And there's a couple of really important things to notice here. One, these were mice, not humans. And the mice did not have any ability to see some kind of deeper meaning in the stress.

All that happened is this meaningless torture, sometimes once a day, sometimes many times a day, the mice had no way of attaching their stressful outcome to some kind of growth or some kind of meaning. They just were stressed out until they died. And so it's probably true that if humans were tortured in the same way in meaningless senseless torture day after day and they had no way to grow through this and no way to overcome it, and they did in fact lose all hope that yes, humans are going to experience the exact same outcome that the mice experienced.

But in the real world, the vast majority of the time, the stress that you and I experience is not torture, first of all. Second of all, even though we're not experiencing actual electric shock or drowning or other types of torture and really high levels of stress, we're not experiencing that kind of stress. We're usually experiencing deadlines or too much hassle or trying to fit everything in and time management and that level of stress, that's not the kind of stress that these lab rats were tested on.

So first of all, we experience a different kind of stress in real life than what a lot of the research was based on. And second of all, we do have these other mechanisms. We can see meaning in the frustration and in the stress or we can reach out for our people and we can begin taking care of people in times when we feel like it's needless torture or needless stress.

We can look out for people who need help and support and we can provide that. And that releases the oxytocin that releases this bonding experience in the body that's like we talked about, very, very healthy. Or we can experience the adrenaline rush and we can experience the mindset shift that says, wow, I'm going to use this extra energy that I'm receiving because I'm feeling stressed.

I'm going to use that extra energy to go and perform at a higher level. I remember being told when I was a young man and I don't remember who told me and I don't remember the musician, so I'm not going to name any names, but I remember hearing the story of a famous musician who every time just before he went out on stage, he got so nervous that he threw up. In fact, his stage crew knew about this, and he always had to have a trash can behind stage in a place where people couldn't see him throwing up before he went out on stage.

He got nervous every time before he performed.
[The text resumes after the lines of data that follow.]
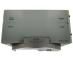 Wyświetlacz do lodówki Samsung RS7577THCSP/EF,3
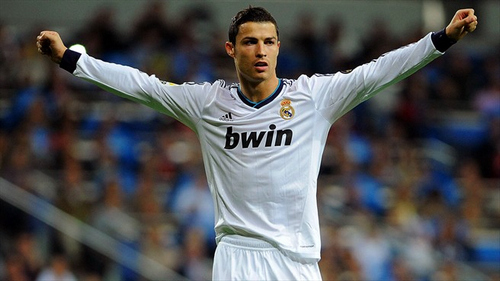 数值与养成 数值与养成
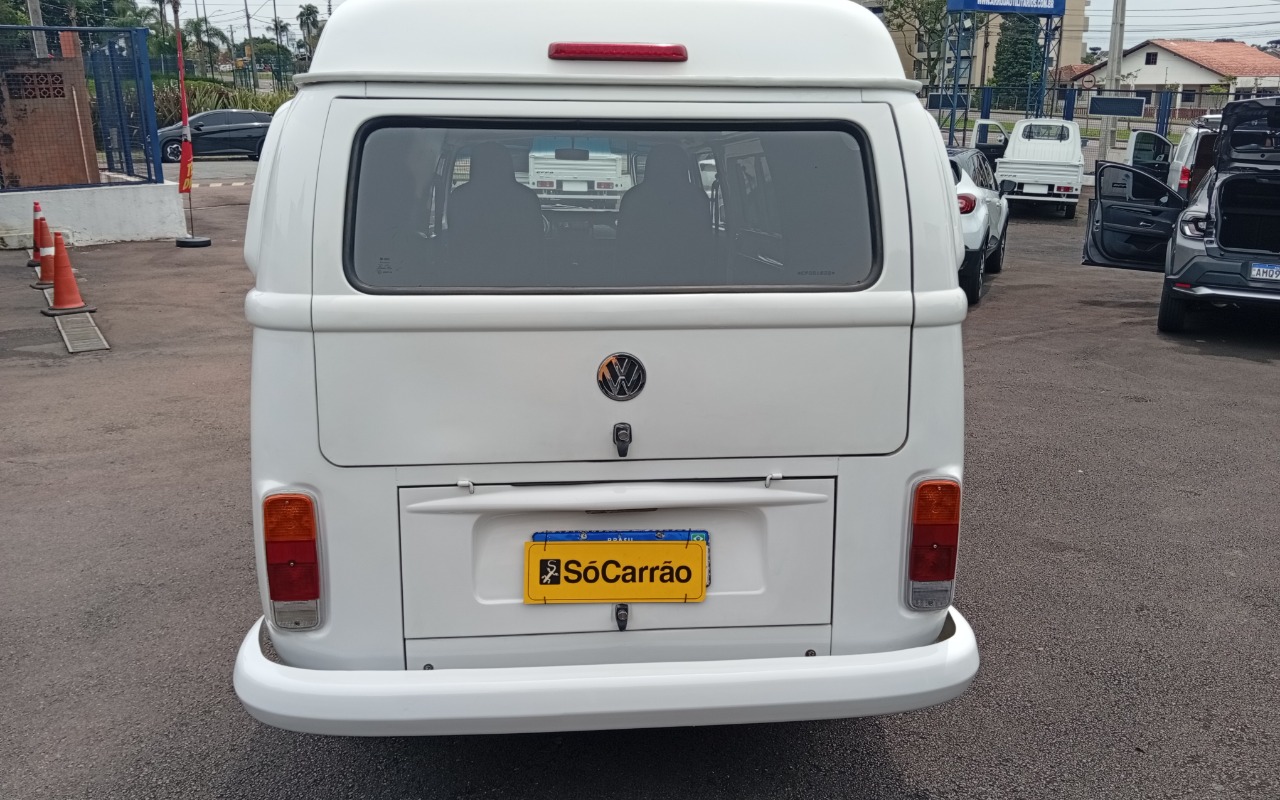 imagem-https://www.socarrao.com.br/sc-vehicle-images-prod/4342616/1791901961818-MTc5MTkwMTc5NjQ3NTI1NzI1MDg2NDA2NDUzMDA3ODcuanBn.jpg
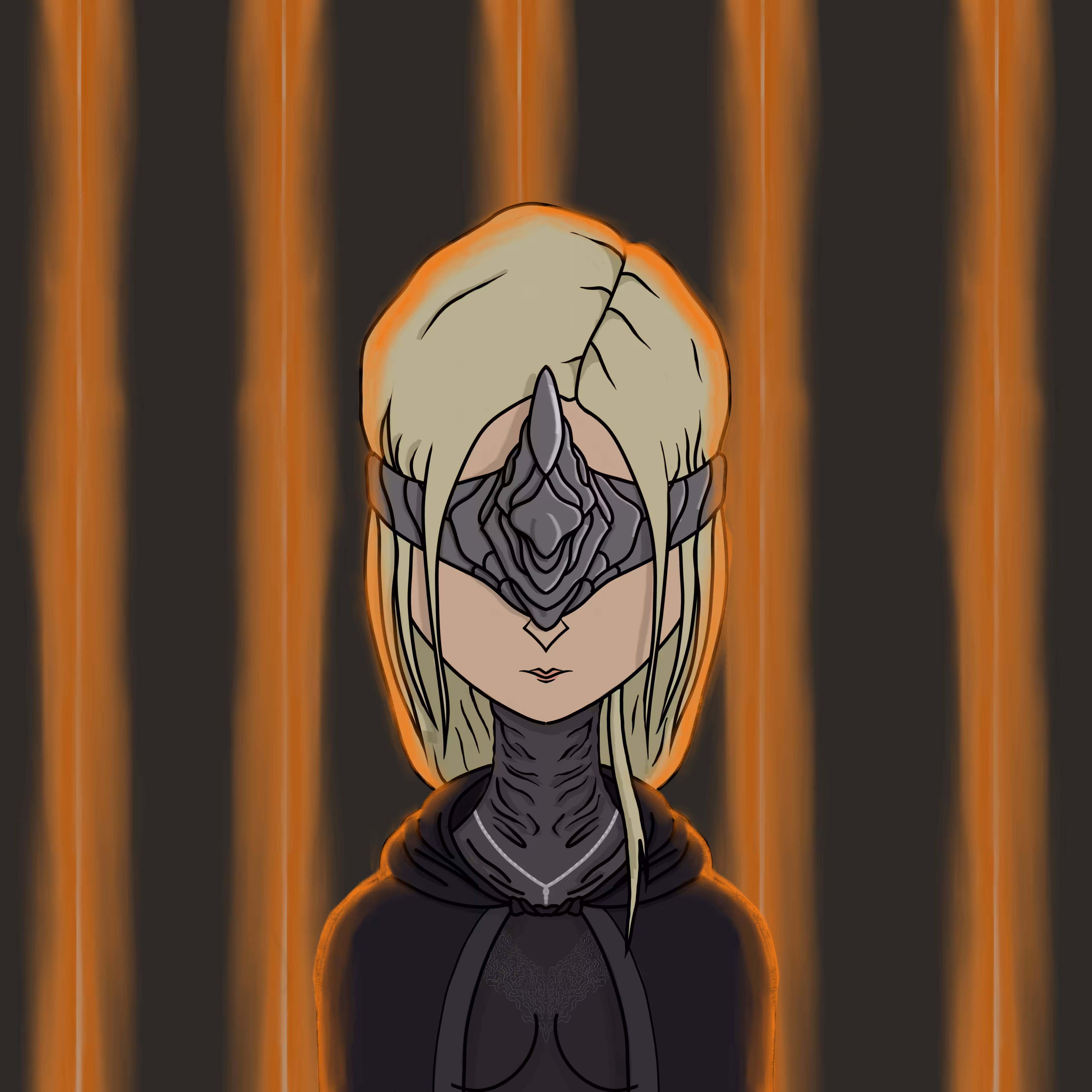 firekeeper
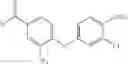 Fig. 167 - Pyrrolopyrazole derivative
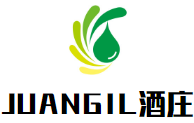 JUANGIL酒庄红酒加盟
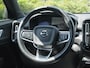 Volvo XC40 Recharge P8 AWD R-Design | SOH 91% | Trekhaak | Parkeersensoren | Apple Carplay | Cruise Control | NL-Auto |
And he said when the day comes that he no longer gets so nervous that he needs to throw up before he goes out on stage, he will know that it's time to retire. Because he'll know that performing on stage is no longer as important to him, it's no longer as meaningful.
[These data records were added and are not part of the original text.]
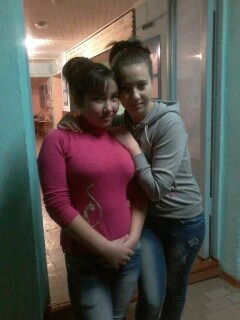 Татьяна Павловская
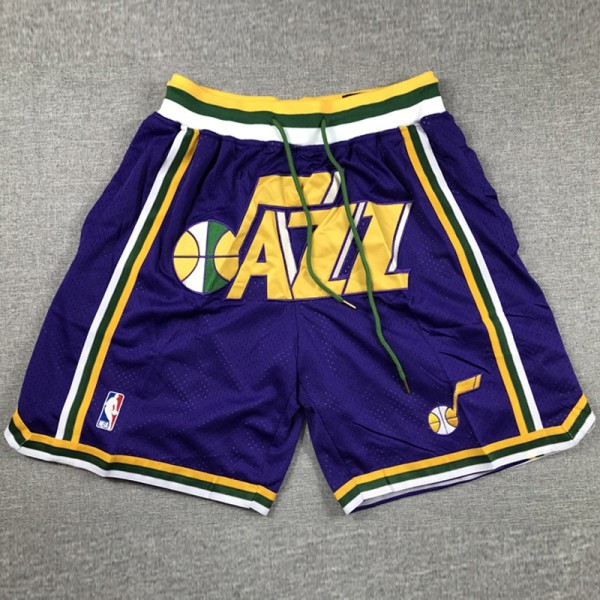 2024 JAZZ NBA Jerseys
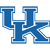 Kentucky Wildcats Basketball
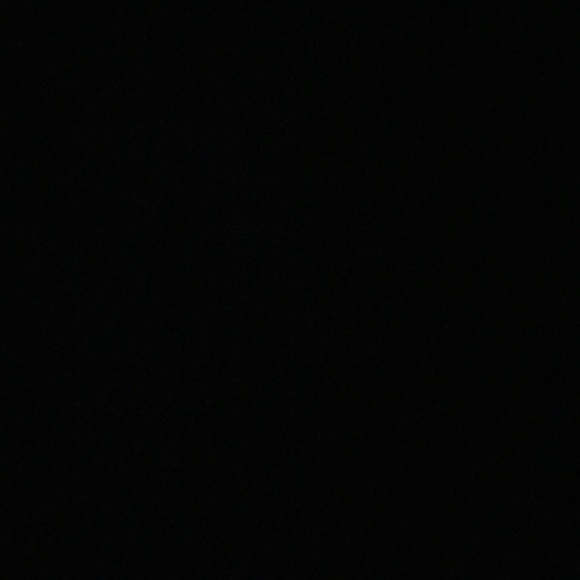 Rosetta rosey Heard - Poshmark Profile Picture of Rosetta rosey Heard (@rosettaheard) on Poshmark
So he's not getting nervous and he's not performing at his absolute best. Well, I'm so grateful to whoever said that to me, because that shifted my mindset forever. And I saw that mindset at Harvard all the time.

So many of my peers and so many of my teachers had that exact same mindset. When the going got tough, we got going. We pulled ourselves up and we showed our truest best selves.
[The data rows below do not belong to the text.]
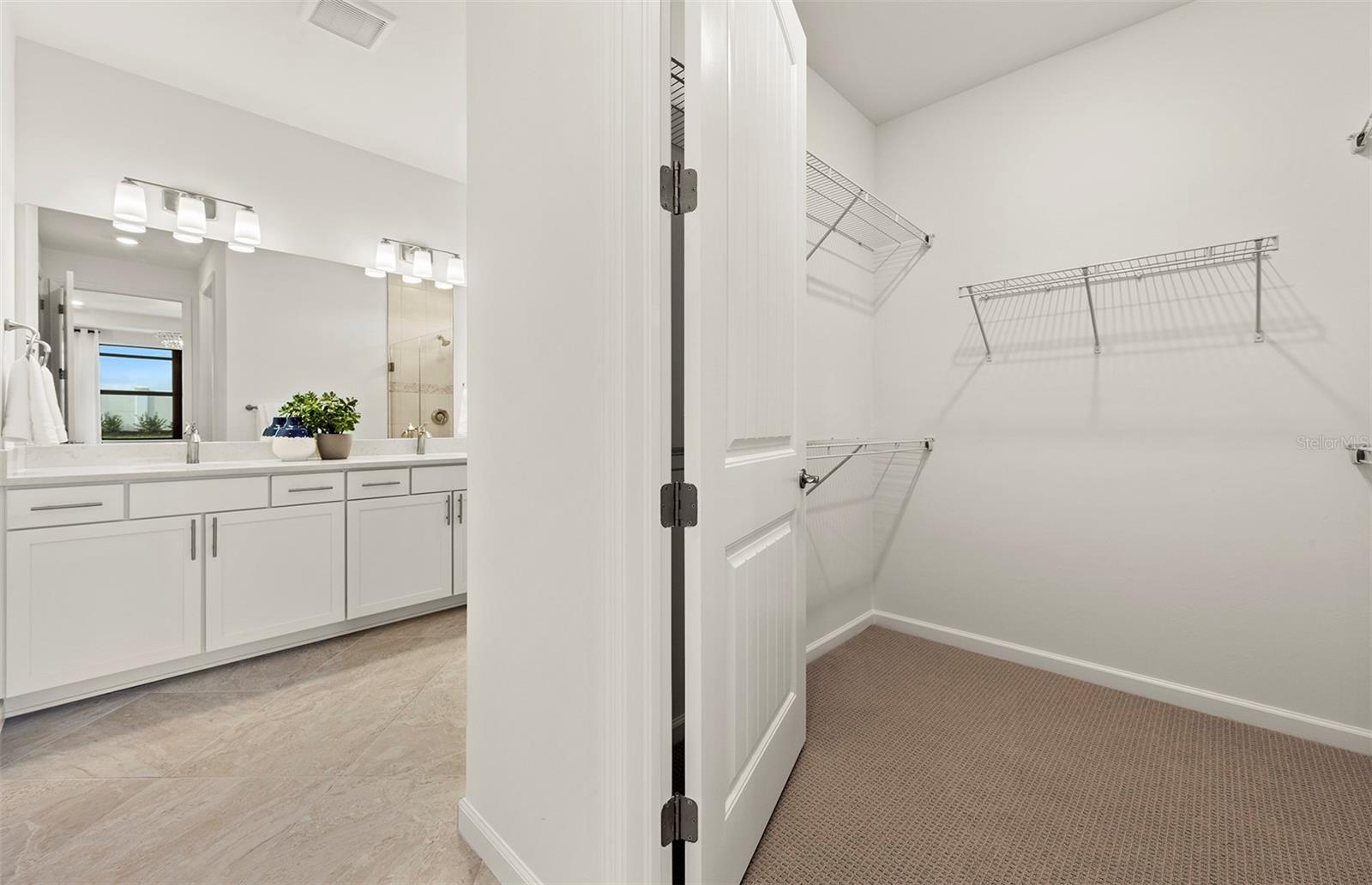 PICTURES ARE OF THE FURNISHED MODEL.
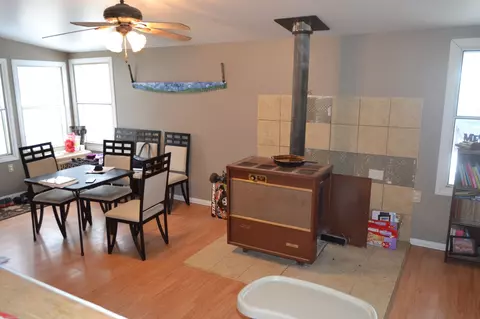 421 W Second Street Hillman Mi 49746 St, Hillman, MI 49746 photo 3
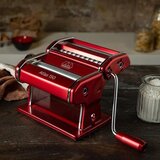 Marcato Atlas 150 Design stroj za testenine | Shoptok.si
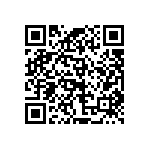 97-3107B20-15SW QRCode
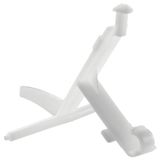 GROHE Greep, 43976000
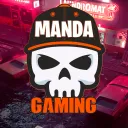 Manda Gaming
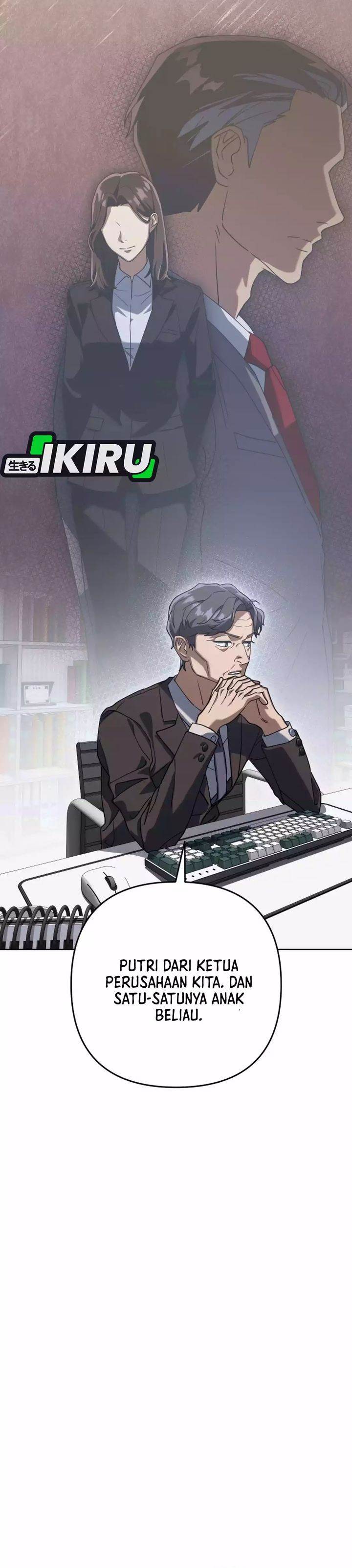 image-komik-the-art-of-leaving-work-on-time-chapter-1-82/97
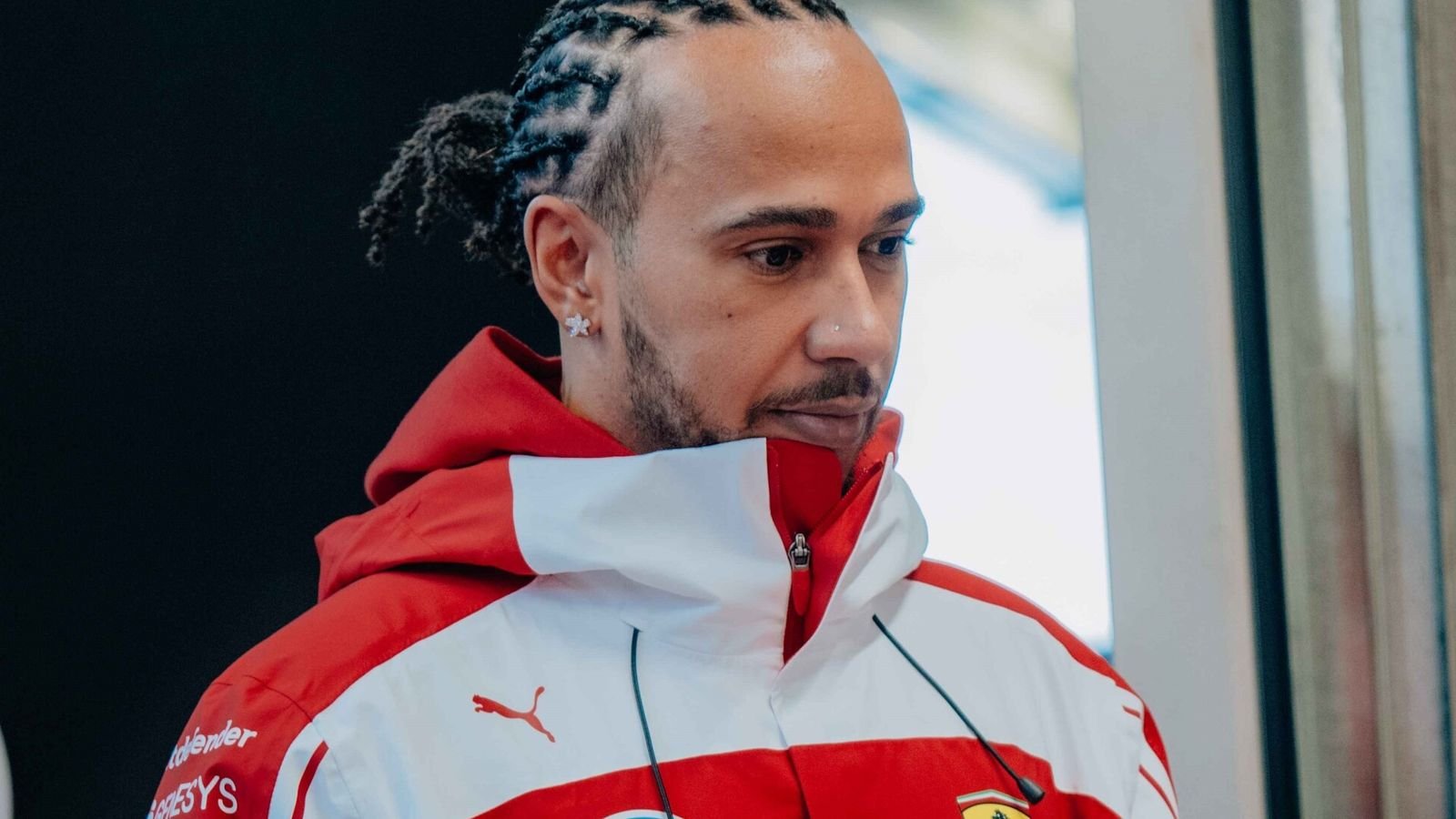 Lewis Hamilton says new look of 2026 F1 car ‘more interesting’ after Ferrari make good start in Barcelona testing F1 News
We rose to the challenge and we accomplished great things. I saw that attribute among so many peers and so many teachers at Harvard that I know it cannot be a coincidence. I believe that so many people at these higher levels of success and these higher levels of performance are performing that way because in part of their mindset around stress, they don't believe that stress is killing them.

They believe that stress is giving them the energy, giving them the strength, giving them what they need to perform at a higher level. Other people believe that when they experience stress, they know that this is their time to connect with people and get through the challenge together. And I saw that at Harvard as well.

Among the high performers, there were those who were just exceptionally good at connecting people and making sure that they faced the challenge together and they were in it together and they bonded through those experiences. And you can shift your mindset too. I encourage you to do that.

In fact, I'm going to take this one step further. In 2013, a study asked this really broad sample of adults in the United States to just rate themselves with how much they agree with this statement. Taking all things together, I feel my life is meaningful.

So the researchers asked everyone that one question one more time. Taking all things together, I feel my life is meaningful. Then we find what's so exciting.

The researchers then looked at what distinguished the people who strongly agreed with the statement from those who did not. And now that we're at the end of this podcast, I hope that their findings do not surprise you. But they did surprise the researchers back in 2013, because every measure of stress that the researchers asked about predicted a greater sense of meaning in life.

In other words, people who had experienced the highest number of stressful events in the past were most likely to consider their lives meaningful. People who said they were under a lot of stress right now rated their lives as more meaningful. So what is the conclusion? What does this mean? Well, people with very meaningful lives worry more and have more stress than people with less meaningful lives.

So when you feel pressure or you feel stress, rather than seeing that as a sign that something must be wrong with your life, recognize it for what it is. Feeling stressed can be a barometer for how engaged you are in activities and the relationships that are in your life that are personally meaningful. It just shows that you are living your life, that you care about something, that you have values, and that you are fighting for those values because you care about those things.

You get stressed at times when you get stressed, I want you to remember, use that stress to help you out. Okay, one last idea to leave you with. If you think about it, the people who understand the highest levels of performance the best understand how useful stress can be.

If you want to look at the activities that require high level of performance, like emergency responders or elite athletes or even astronauts. Right? How do people train for NASA, the key training techniques for all of these people is to help these people thrive under high levels of stress. And in order to do that, they'll intentionally inflict stress upon these elite athletes or upon first responders, emergency responders, or among NASA astronauts.

If this is done intentionally, in order to help these people perform at a higher level, is it okay that you shift your mindset around stress as well? That when you experience stress, you can say, hey, I didn't even have to pay for a coach for this. I didn't even have to pay NASA millions of dollars to train me to experience this stress so that I can grow from it, so I can be stronger from it. See your stress for what it is.

It's an opportunity to strengthen yourself and come out the other side a better person.